The programme was announced today at the Federation of Commercial Fishermen Conference in Nelson and is additional to a similar programme already instigated in the deepwater and surface long-line sectors.
Fisheries Inshore New Zealand chief executive, Dr Jeremy Helson, said while the vast majority of vessels already practised extensive mitigation measures this programme codified and extended the care the fleet was taking.
“We share our sea with birds, marine mammals, protected fish and marine reptiles and, on occasion will unavoidably capture some. We recognise these impacts and will do all we can to reduce harm to a minimum,” said Helson.
The programme has been developed in conjunction with the Ministry for Primary Industries and the Department of Conservation with the intent to have all vessels fitted with an individual plan and the associated crew trained in the risk reduction techniques by 2020.
“Vessels fishing deepwater species and those fishing in the surface long line sectors already have these plans in place and the addition of the inshore fleet will mean almost every vessel in New Zealand waters will be operating under this best practice,” said Helson.

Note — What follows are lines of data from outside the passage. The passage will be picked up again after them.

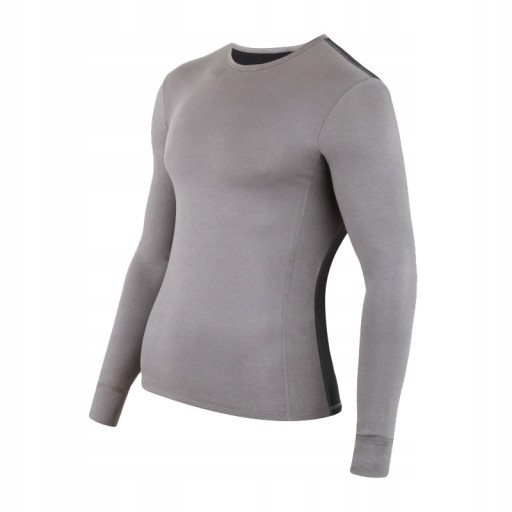 Koszulka męska termiczna MERINO WOOL ciepła XXL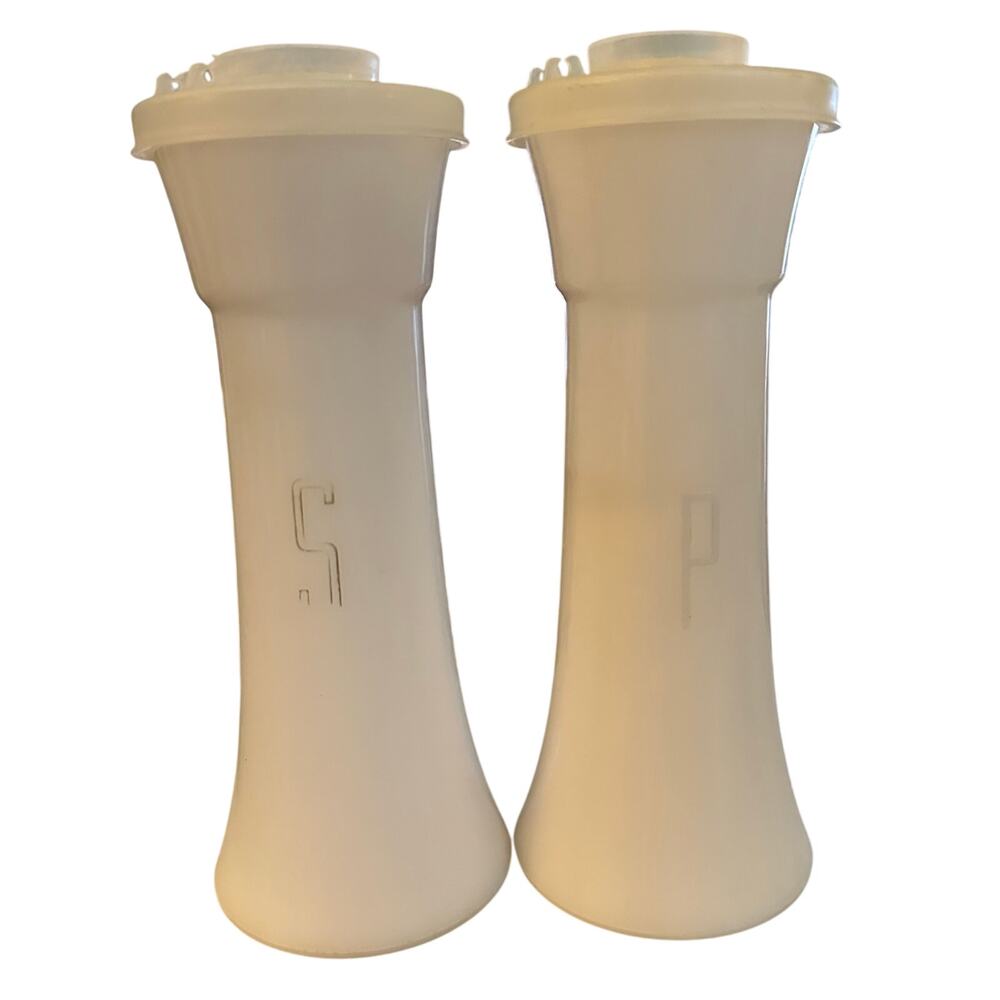 Tupperware Vintage Salt and Pepper Shakers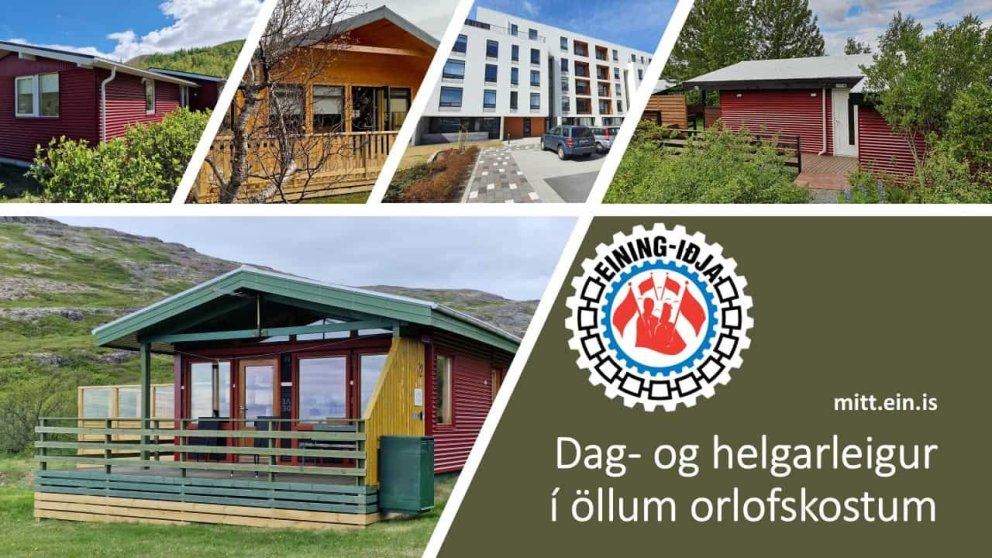 Alltaf er hægt að bóka orlofshús eða íbúð um það bil sex mánuði fram í tímann, fyrir utan tímabilið &hellip;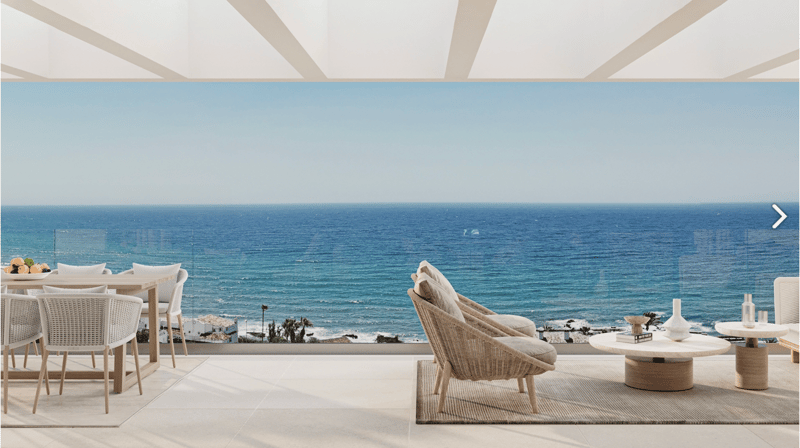 Apartment in Mijas - view 1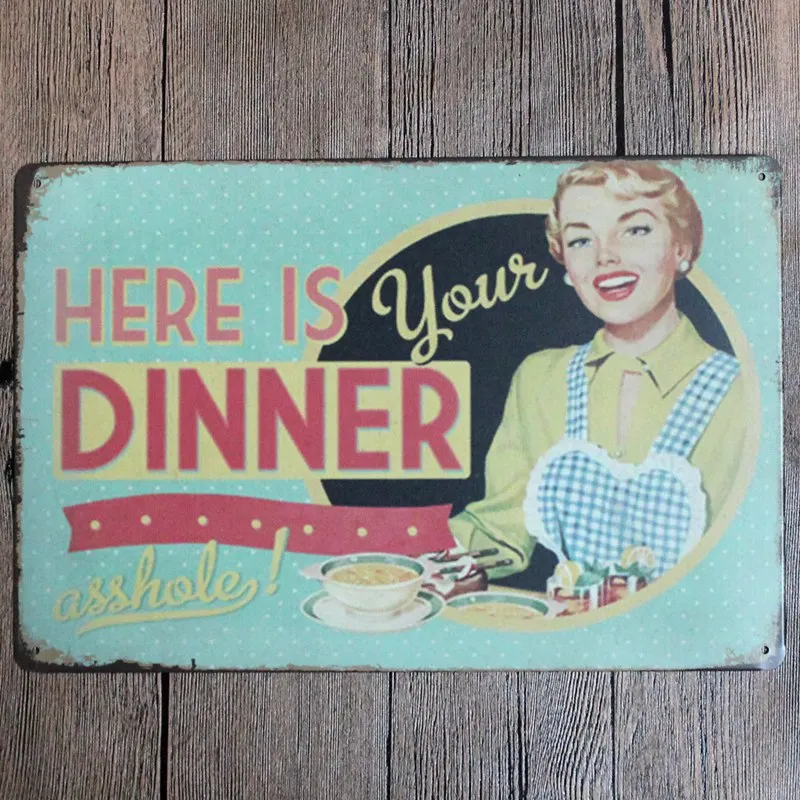 

Coffee Tin Signs Metal Plate Wall Pub Kid's Room Home Art Decor Vintage Iron Poster Cuadros DU-5697
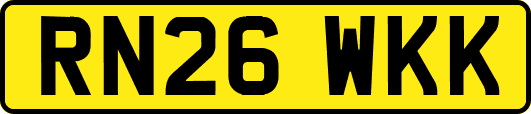 RN26WKK
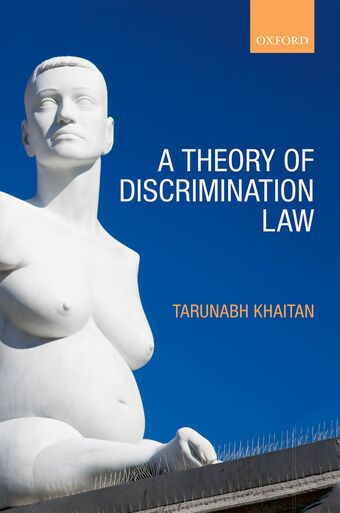 A Theory of Discrimination Law book cover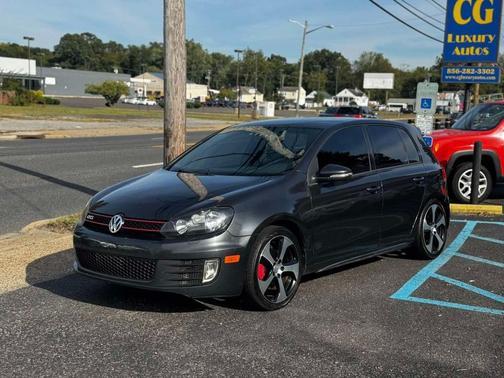 2011 Volkswagen GTI 2.0T Sedan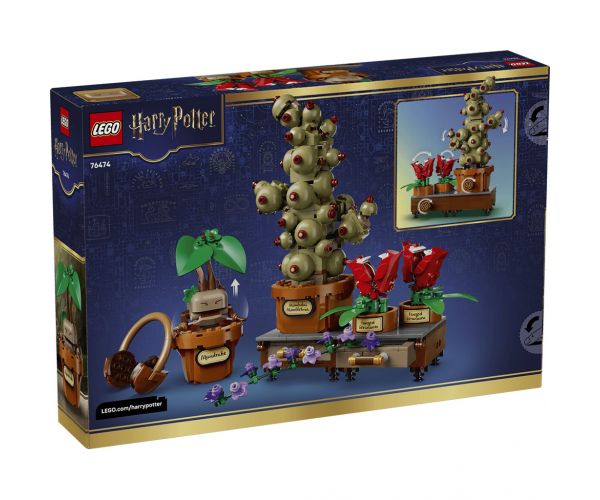 LEGO® Harry Potter™: Plantele din ora de Herbologie de la Hogwarts™ (76474)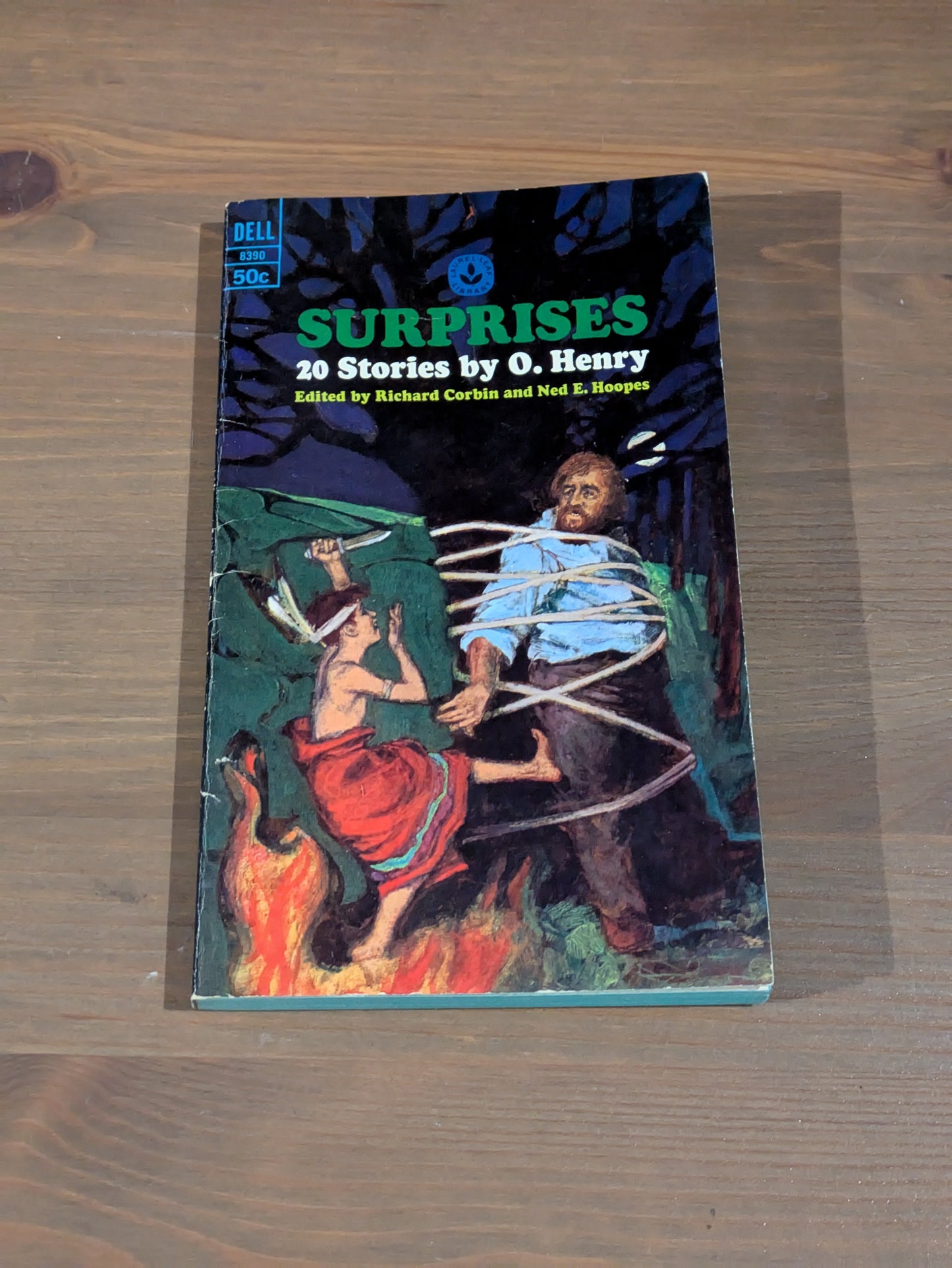 Surprises: 20 Stories By O. Henry (Vintage Paperback Anthology) by O. Henry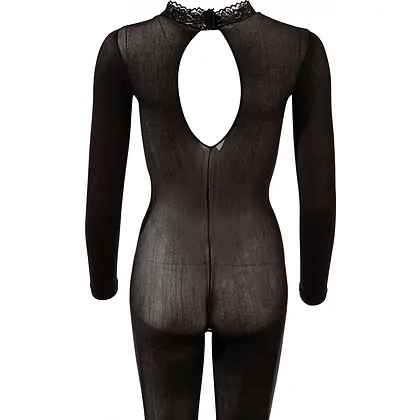 Catsuit No:Xqse Ouvert Negru S-M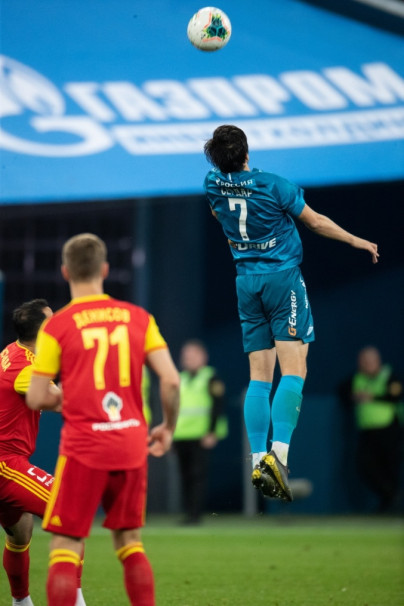 Российская Премьер-Лига 2019/20, «Зенит» — «Арсенал»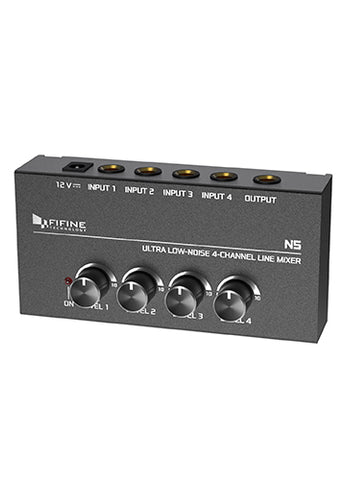 Mixer/Headphone Amplifier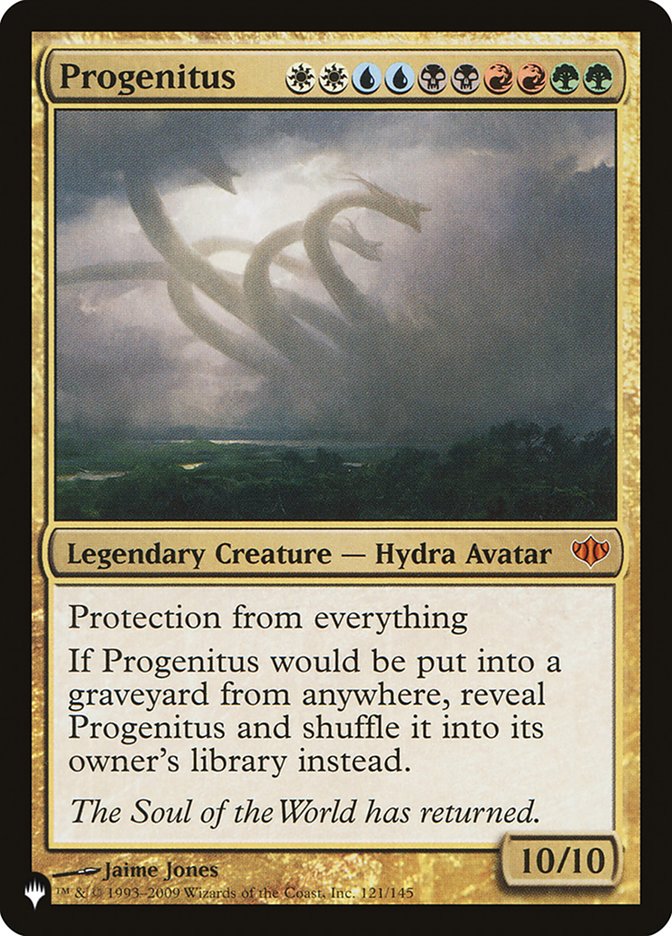 Progenitus [The List] | Odin's Place
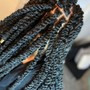 Goddess Braids/Stitch Braids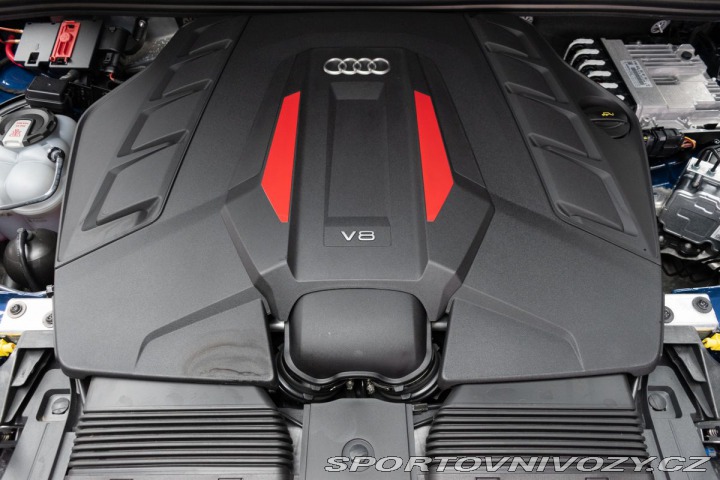 Audi SQ7 ZÁRUKA*7MÍST*B&O*DPH* 2024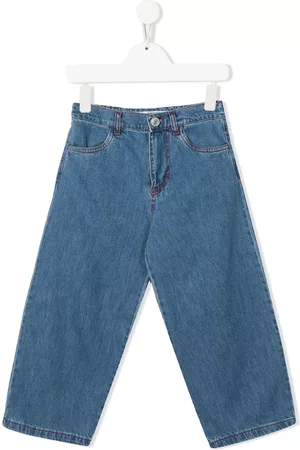 PHILOSOPHY DI LORENZO SERAFINI Straight Jeans - Straight-leg cut jeans - Blue
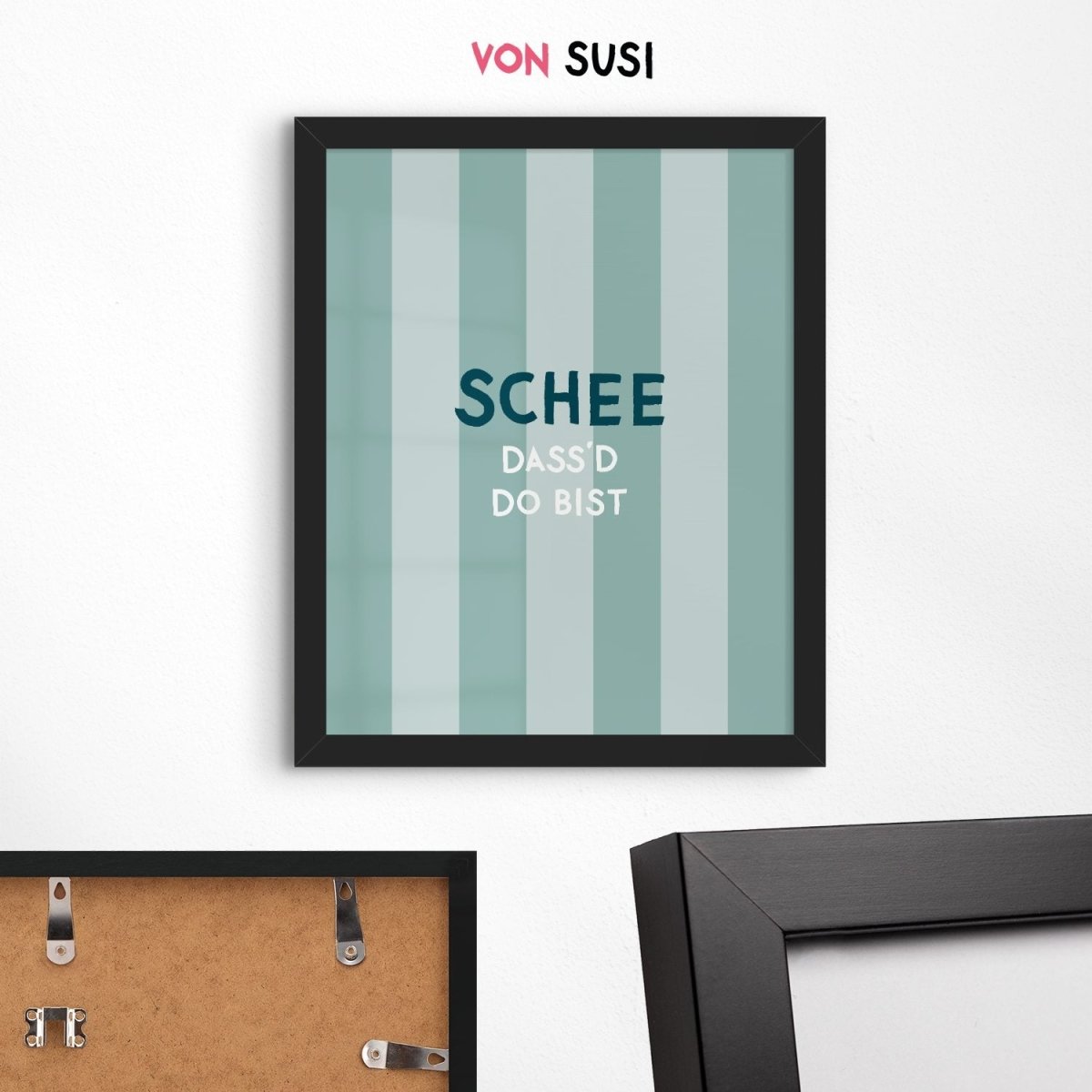 Schee dass&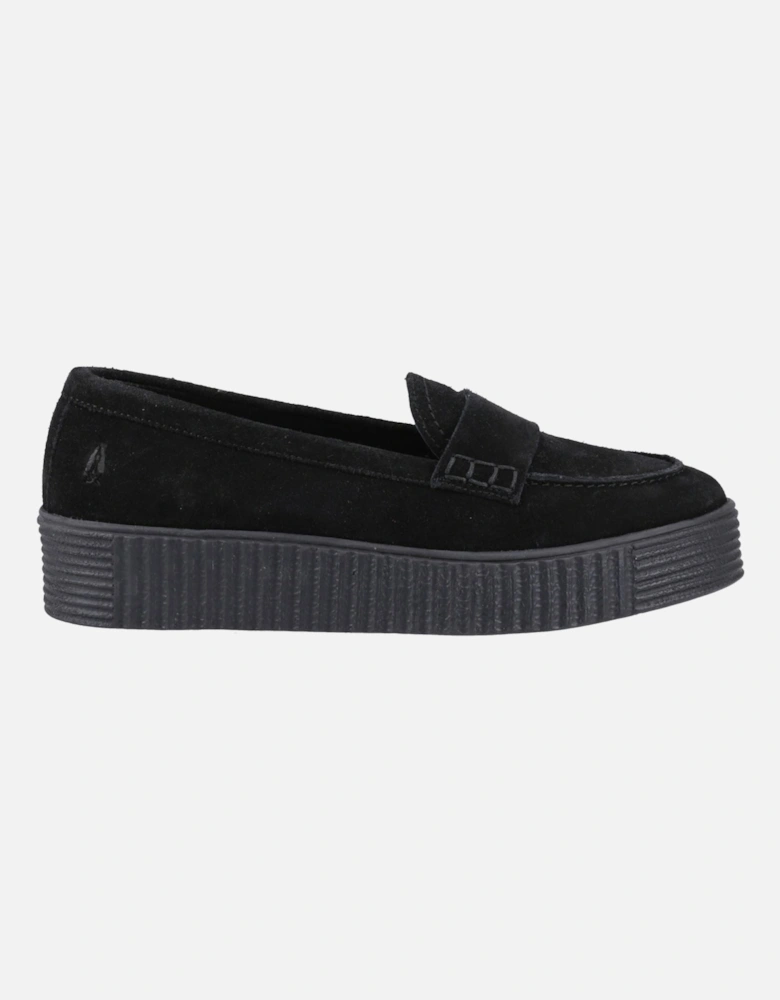 Tamara Suede Women's Black Loafers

The programme will consist of;
a set of Operational Procedures for the mitigation of
risk to protected species, one for each fleet or subfleet as
operators consider appropriate. These will be prepared in
consultation with operators and interested parties;
a
vessel-specific risk mitigation plan for each vessel,
setting out how they will mitigate risks through management
of attractants - offal, waste, fish - and how they will
mitigate the risk from gear and fishing activity;
a set
of voluntary triggers or notifiable capture events to
initiate a review of mitigation measures
an auditing of
utilisation on the water by monitoring; and
an auditing
of performance by a joint committee of MPI, DOC and industry
representatives
The vessel-specific plans will be
retained on vessels and used to train new crew. MPI
Observers coming on vessels will report on whether the
vessels are operating according to the vessel plan.
“We take the impact of our activities seriously and will continue to improve our performance,” said Helson.